I thought about it and shows like Shin Sekai Yori or early Attack on Titan were carried by their worldbuilding.

1 Visuals 2 Plot
All the other choices fall under the above

the author's opinions on politics

What shows?

1. Visuals
2. Worldbuilding
3. Themes
4. Plot
5. Characters

1. Characters
2. Plot
3. Visuals
4. Worldbuilding
5. Themes

I have never seen a good anime that doesn't have good characters.
Looking for deep themes in anime is a total meme.

snk

You can have a good story with shallow characters where it focuses on the plot

all anime characters are shallow, no exception.
attempts to write deep characters end with schizophrenics like itachi juggling twelve completely different shallow personalities

this is what happens when the mangaka believes he can write deep characters

Evangelion

Higurashi

Nah

Characters > themes > visuals > plot

worldbuilding

i have never watched anything higurashi, but you can't be serious with the grotesque caricatures populating nge

Witch Hat Atelier

I'm happy to see the spread we're getting here. You, my friends, are not NPC's.

I am an NPC though

Plot, Themes, Characters, and World are the same thing.

World building is not as important as plot, characters, and themes.
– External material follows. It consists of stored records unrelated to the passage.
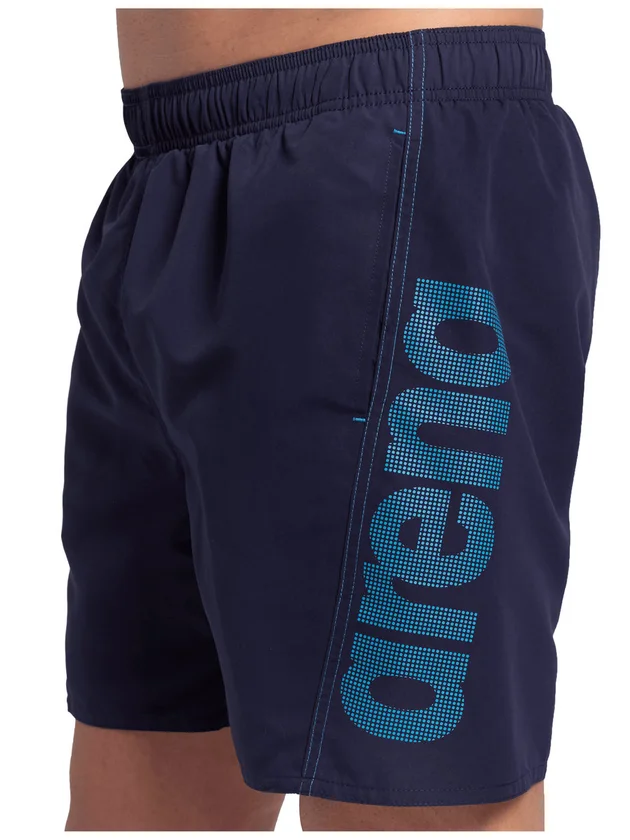 Fundamentals Logo Boxer R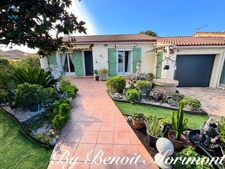 Maison à vendre 3 pièces LE MUY (83)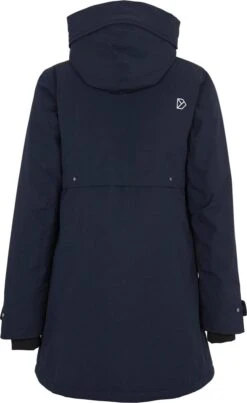 Didriksons HELLE WNS PARKA 5 Dames Outdoor Parka - Maat 38 38 Didriksons HELLE WNS PARKA 5 Dames Outdoor Parka - Maat 38 -Fjallraven Winkel 736x1200 1
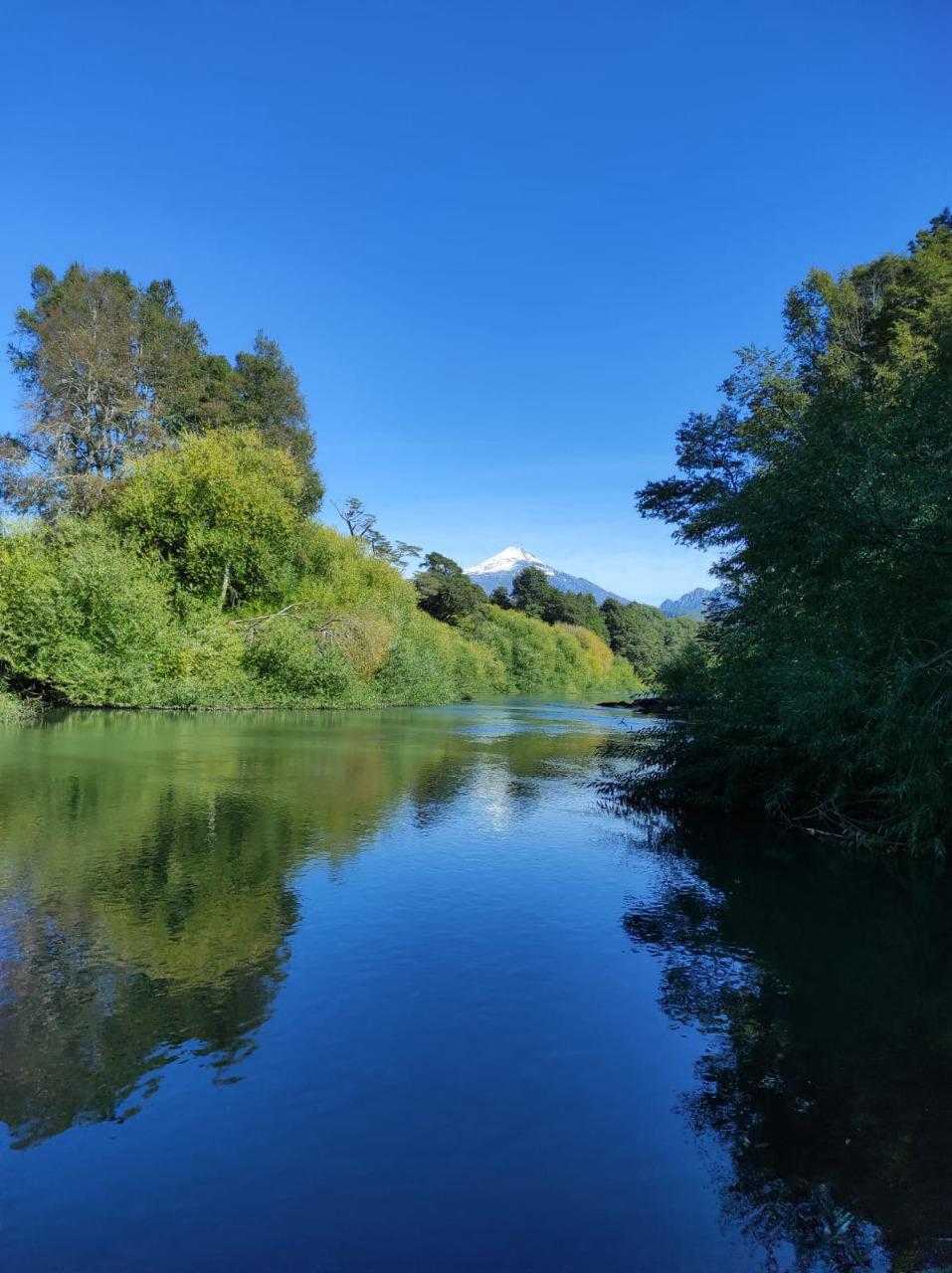 Venta Parcela Pucón - La Araucanía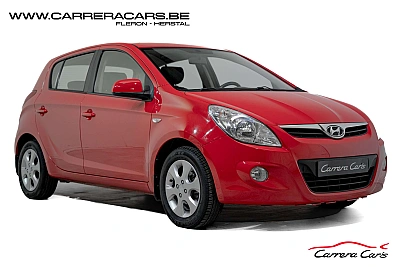Hyundai i20 1.4i LOUNGE i-PACK*|*AUTOMATIQUE*PDC*AC*GARANTIE*|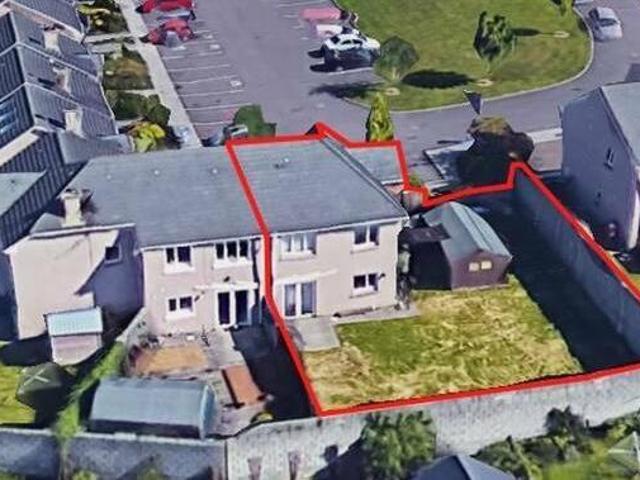 59 Ashmount Court Silversprings Cork City Co Cork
No, the more time you spend on one, the less time you have for the other

I'm a little retarded so I don't even pick up on themes a lot of the time unless the author slams me over the head with it repeatedly.

1. Plot

Anime has no plot, just tropes.

2. Characters

Wrong. Anime has no characters, just templates.

3. Visuals

Wrong. Anime has no visuals, everyone just reuses same moe "art"style.

3(Wrong it is 4). Themes

Wrong. Anime has no themes, just tropes.

4(And this is 5). Worldbuilding

Wrong. Anime has no world-building. Their values are hermetic and don't stretch outside of the borders.
Fantasy? Wrong, it just japanese game Dragon Quest.
Sci-fi? Wrong, it's post-apocaliptic world where "only Japan survived".
Therefore it should be renamed to "Japan-building".

In a perfect world, where anime isn't slightly re-arranged slop, from the tropes reinforced by editorial; I would say it should be 1 > 5 > 3 > .

And besides, it is impossible to write a plot without any characters. "Plot" and "charcters" should be same point. Same goes for themes. As the theme, is aftermath of the plot. Without plot there is no theme.

what about old anime that was made by people with actual life experience and stories to tell who also were chads and weren't afraid to show their face

Watch more.

And besides, it is impossible to write a plot without any characters. "Plot" and "charcters" should be same point. Same goes for themes. As the theme, is aftermath of the plot. Without plot there is no theme.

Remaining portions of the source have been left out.